Twenty years ago, Duran Duran bestrode the globe. Now, with sell-out shows and appearances on Top of the Pops, they're being feted again
By Robert Sandall

17 September 2004

In a pop world full of ageing Peter Pans with expensive habits to service, ex-wives to maintain and children to educate, attempted comebacks are common, perhaps necessary. None of that applies to the remarkable resurgence of Duran Duran. They suffered a slump in the public's affections - in 1982, the newlywed Princess Diana said they were her favourite band; 20 years later they couldn't even get a record contract - but "Durandemonium" is on its way back.

Their new single "Sunrise" is climbing the airplay chart ahead of its release early next month. After that comes a new album, Astronaut, the first to feature all five original members since Seven and the Ragged Tiger way back in 1984. For most of the 20 years since, it has been a long, gentle slide downhill for a group who fetched up in the 21st century playing small clubs with only two of their original line-up, the vocalist Simon Le Bon and the keyboard player Nick Rhodes, still in place. They seemed hopelessly out of time, marooned in the brash-flash era of the early 1980s.

Four years on, they look set to reclaim their place as the most enduringly successful pop act Britain has produced over the past 25 years. The signs are plain to see and hard to argue with. Having collected three lifetime achievement awards in the past 12 months - courtesy of the Brits, MTV and Q magazine - and played to the largest audiences of their career here in 2003 (200,000 tickets sold), Duran Duran are, by some yardsticks, more of a happening proposition now than they were in their heyday.

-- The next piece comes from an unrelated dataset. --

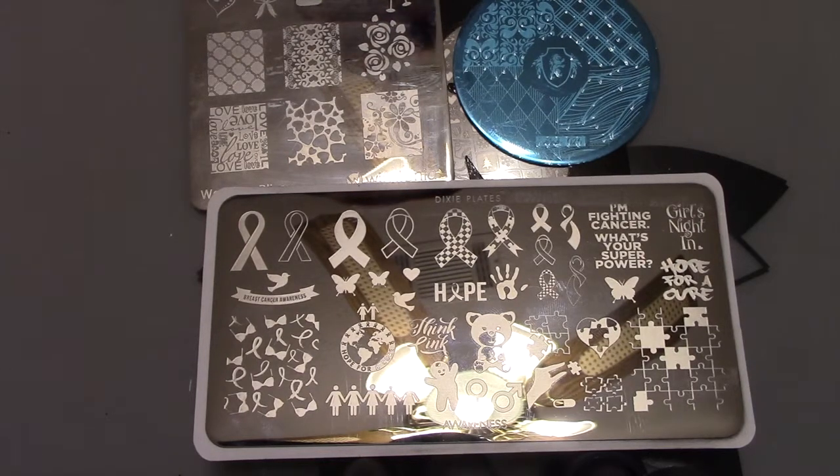Hey, welcome back to my channel. This is the third installment of my nail stamping 101 series and I'm talking about plates today. This is probably going to be the shortest video because there is not too terribly much to talk about nail stamping plates versus the scrapers, stampers, and stamping polish I've covered previously. Any brands I mention today are not sponsoring this video — these are just ones from my personal collection and these are my honest opinions.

America's A-list pop celebs have been giving them strong support. Justin Timberlake confessed his undying love for the band while handing them their Brit award in February. The rapper Snoop Dogg confided to Le Bon recently that he was a great admirer of their more funky leanings. The queen of indie-rock, Gwen Stefani, is another admirer.

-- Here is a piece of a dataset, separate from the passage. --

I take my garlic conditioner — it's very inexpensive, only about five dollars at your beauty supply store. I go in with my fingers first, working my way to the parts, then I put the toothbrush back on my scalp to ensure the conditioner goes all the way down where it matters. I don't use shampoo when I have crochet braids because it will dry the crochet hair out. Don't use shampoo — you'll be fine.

Indeed, Duran Duran have never been so highly rated by their peers. British club DJs who used to turn their noses up at bouncy - some said cheesy - anthems such as "Rio" and "Girls On Film" now feature them in thumping house remixes. "Sunrise" is the theme tune to the television makeover show, Queer Eye for the Straight Guy. Two of the hottest new bands, Scissor Sisters and Goldfrapp, cheerfully cited Duran Duran as a major influence - and duly landed support slots on their recent UK tour.

Once, the idea that this band of Brummies in make-up with a thing about glam rock could ever influence anybody who wasn't a hormonally deranged teenager would have been greeted with disbelief. From the point in 1981 when Duran Duran released their first single, "Planet Earth", until 1986, when two of the band's three unrelated Taylors (Roger and Andy) departed, they were hugely successful all over the world - but they didn't seem to want to be taken seriously.

After the anger and gloom of the punk era and the politically righteous Two Tone movement, along came five pretty boys who wrote and sang bumptiously catchy songs that seemed preoccupied with sex, travel and impenetrable sci-fi fantasies. It was rock with no obvious message, no social conscience and a disconcertingly large clothing budget.

Girls loved them to distraction; boys weren't so sure. When they first appeared on the cover of Rolling Stone in 1985, Duran Duran were described as the Fab Five. Yes, a nod to The Beatles, but also a clear suggestion that this lot were a throwback to the pre-rock era, when groups were met by screaming hordes at airports and chased out of hotels.

Even when they did innovative things, like making the first-ever extended video for "Girls On Film", they did it in a way that outraged the moralistic rock establishment: back in 1981, filming your band larking about with loads of naked girls was seen as neither funny nor clever.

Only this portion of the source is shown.